Data below ::
------------------------------------

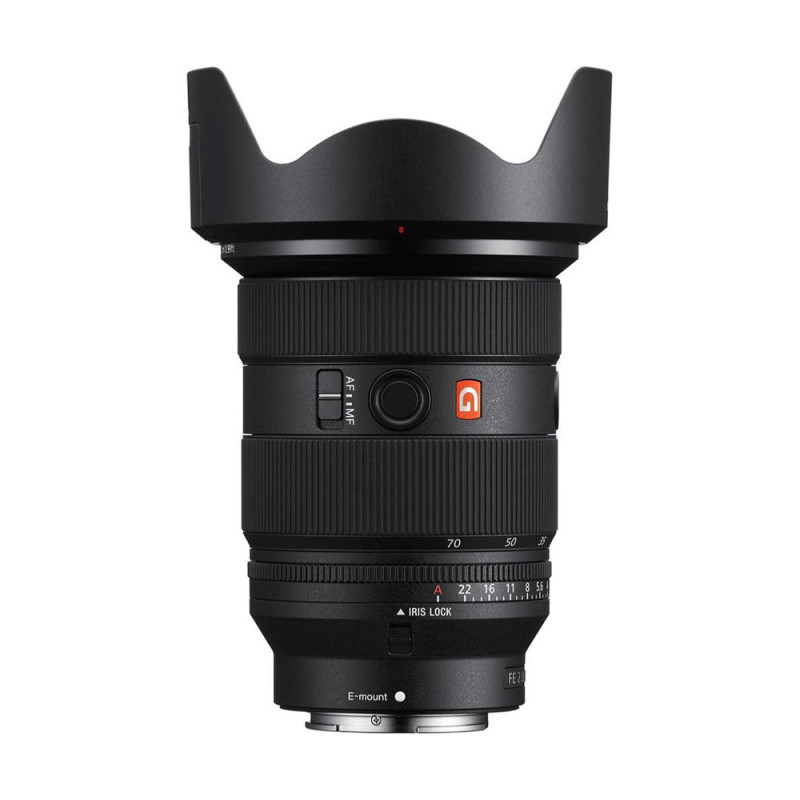Sony Kit Alpha 7 IV avec Objectif FE 24-70mm GM II - Sony - Prophot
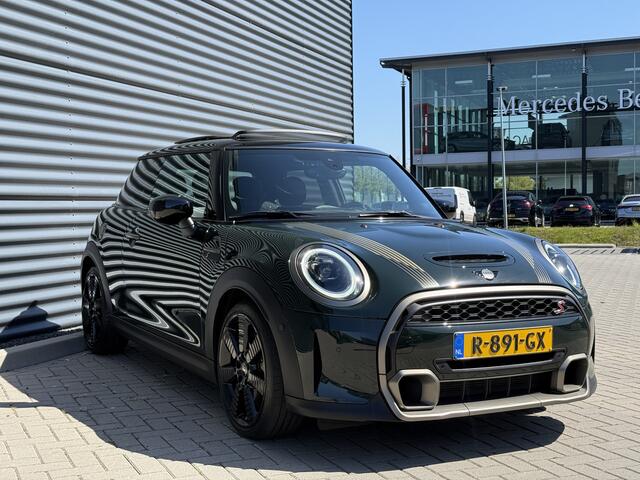 Mini COOPER S Mini 2.0 Resolute Edition Pano/H&K/Leder/Camera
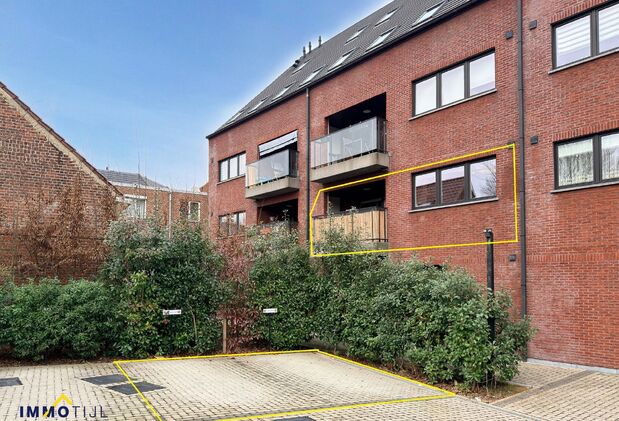 Appartement te koop in Asse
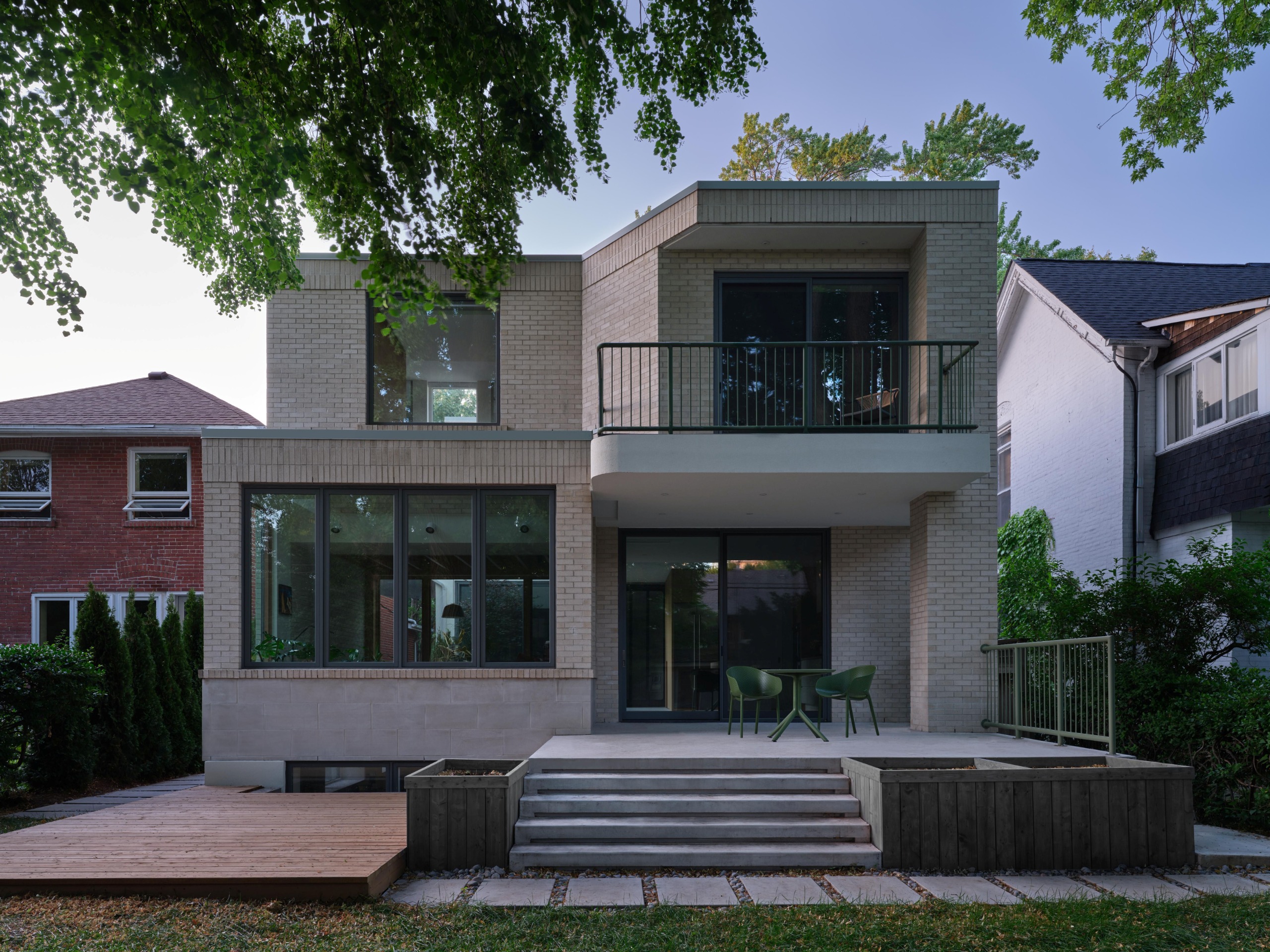 Toronto house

------------------------------------

Requirement :: Every line of the data should be transcribed exactly. Omit the images.

Worked solution ::
Sony Kit Alpha 7 IV avec Objectif FE 24-70mm GM II - Sony - Prophot
 Mini COOPER S Mini 2.0 Resolute Edition Pano/H&K/Leder/Camera
 Appartement te koop in Asse
 Toronto house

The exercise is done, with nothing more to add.